Luke 6:45
The good man out of the good treasure of his heart brings out that which is good, and the evil man out of the evil treasure of his heart brings out that which is evil, for out of the abundance of the heart, his mouth speaks.
WEB
A good man out of the good treasure of his heart bringeth forth that which is good; and an evil man out of the evil treasure of his heart bringeth forth that which is evil: for of the abundance of the heart his mouth speaketh.
KJV
What Luke 6:45 means
Jesus says that words are overflow, that whatever a person stores up in the heart eventually spills out of the mouth, which makes speech a surprisingly honest readout of what someone truly loves.
This line closes a short teaching of Jesus, in Luke's Sermon on the Plain, about trees and their fruit. A good tree bears good fruit and a bad tree bad fruit, and you know each by what it produces. Jesus then turns the image on the human heart and mouth: "out of the abundance of the heart, his mouth speaks." The word translated "abundance" pictures something overflowing, a container so full it spills over the sides.

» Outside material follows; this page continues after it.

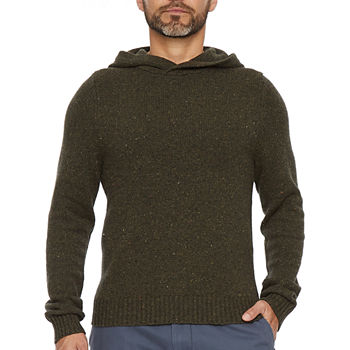 mutual weave Mens Hooded Long Sleeve Pullover Sweater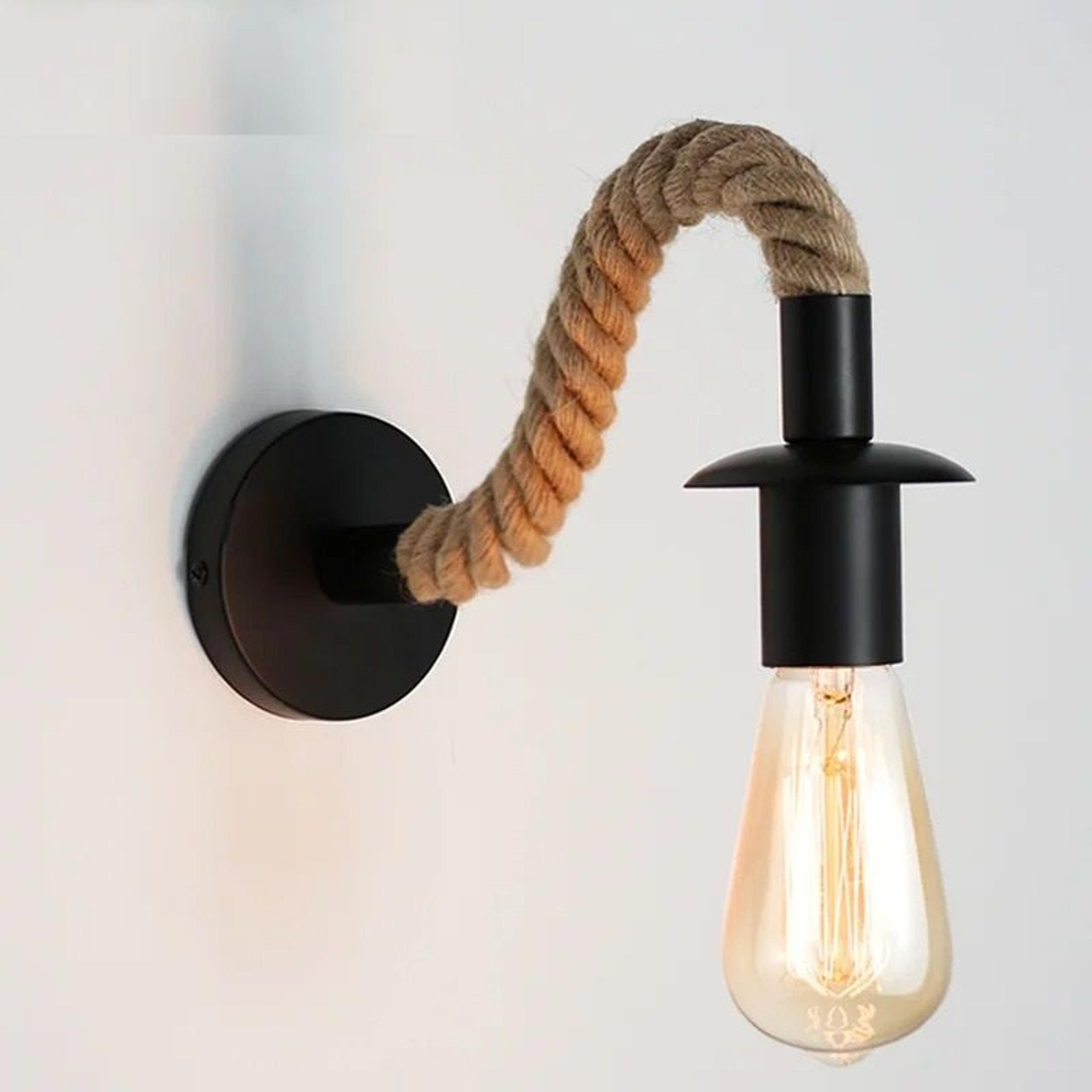 vintage industrial hemp rope wall light sconce with e27 base for bedroom, dining room, and indoor decor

The claim is that speech is diagnostic. What comes out of a person's mouth, especially when they are not being careful, reveals what has been quietly collecting inside. Jesus calls it "treasure," the heart's stored-up supply, and he says the supply eventually shows itself in words. This is less about a single careless sentence than about a pattern, the steady drift of what someone talks about, praises, jokes about, and repeats. The mouth files a report on the heart's contents.
The verse cuts two ways. It is a warning, because our words expose us more than we would like. It is also an invitation, because it locates the real work upstream, in what we allow to fill the heart in the first place. Change the speech by changing the treasure. Jesus treats the tongue as a window, and what it shows is never random; it is the overflow of a whole life.